The results of the present study indicate that the R&R2 MHP program was effective in reducing antisocial thinking and behaviour, which is a primary aim of the program. Evaluation of R&R in correctional facilities has generally applied reconviction rates as the primary outcome measure [12
]. Consistent with the findings of the present study, the ad hoc per protocol analysis of Cullen et al.’s [18
] 12-month follow-up data found a treatment effect for violent attitudes. Thus ‘softer’ measures evaluating antisocial attitudes are likely to be important early markers due to their association with offending [41
]. Thus antisocial attitudes and behaviors, together with reconviction rates, should be the primary benchmarks for evaluating OBPs in MDOs.

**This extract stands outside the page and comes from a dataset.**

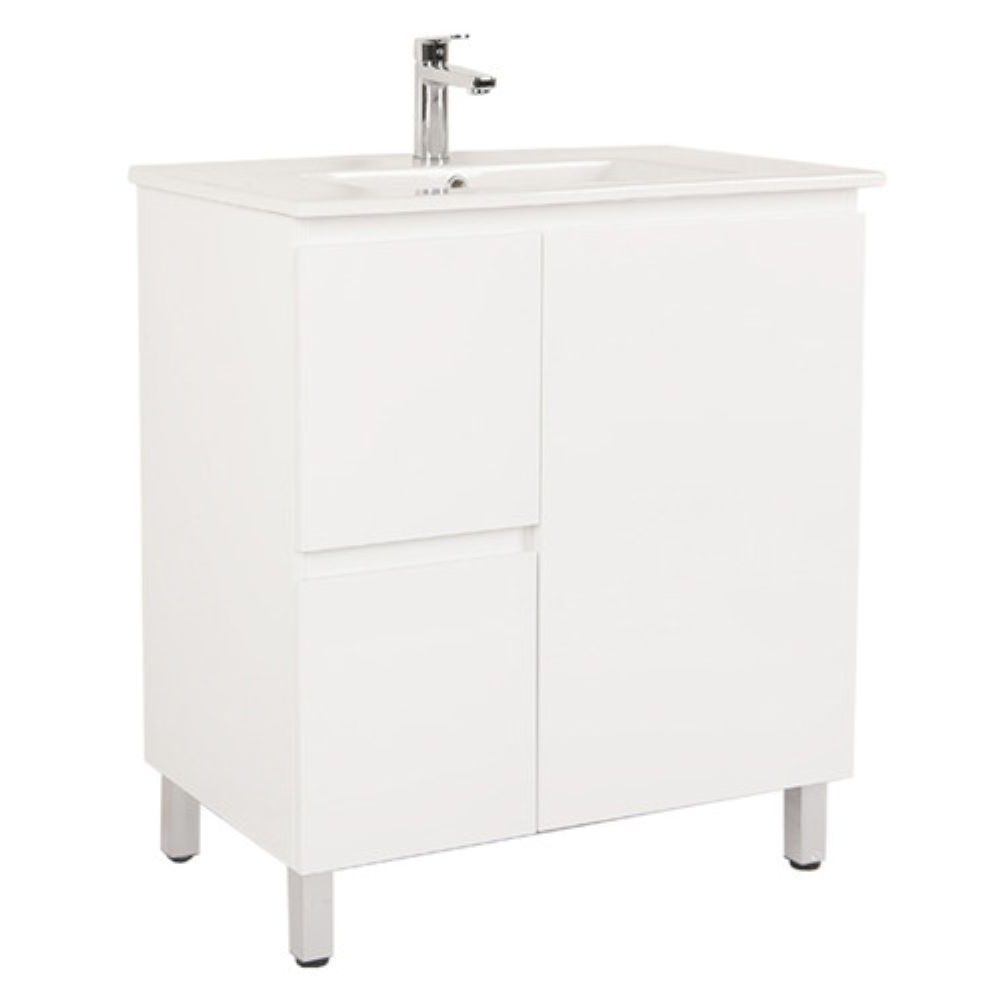 VER Slimline Left Hand Drawer Vanity with Top, Gloss White 750mm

A strength of the study is the multi-site involvement, however participants were not randomly assigned to group condition. Thus in order to control for variance at baseline, ANCOVA was used with baseline Time 1 scores covarying for the dependent outcome scores and a more conservative ITT analysis selected over per protocol analysis. Nevertheless, high levels of staff turnover on wards meant that there were higher rates of missing informant data on the DBSP (that could be rated by the same member of staff across the two time points). One solution for future research would be to request that ratings are made collectively by the clinical team during ward rounds or clinical case conferences. Applying this method would additionally reduce informant bias. We also found that a record review was unhelpful as these were inconsistently recorded across sites; moreover critical incident records had a floor effect with most patients having no incidents recorded. Future research should consider using a prospective measure of aggression, such as the Staff Observation Aggression Scale Revised (SOAS-R) [45
]. Multi-site trials are thus not without limitations due to within and between-site variations among procedures and participants. This ‘clustering’ of data is particularly salient to our inclusion of participants from low and medium security sites.

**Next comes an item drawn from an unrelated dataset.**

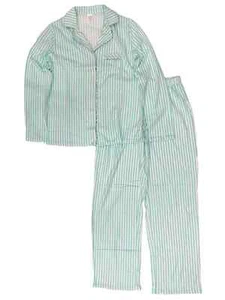 Womens Blue & White Stripe Cotton Blend Pajamas Button Front Sleep Set - Picture 1 of 1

A second limitation was that the sample was exclusively adult males with severe mental illness and therefore the findings cannot be generalized to a wider offender population. Third, other characteristics may have influenced outcome that were not investigated, in particular IQ [39
] self-esteem [47
], impulsivity [48
] and psychopathy [17
] have been associated with non-completion rates. Fourth, four of the five outcome measures were self-report and we aimed to minimize a positive bias by these being administered by researchers who had not been involved in treatment provision. Fifth, clinical indicators were used to evaluate effectiveness and follow-up was relatively short. Nevertheless, despite these limitations, the data provide a good starting point for further development and investigation. Future randomized controlled evaluations need to be conducted to further reduce the potential for confounding variables, with a longer follow-up period, and objective measures including reconviction data. Program evaluation could be extended to offenders living in the community, females and those with learning disability to establish if this shorter program is responsive to the needs of these groups.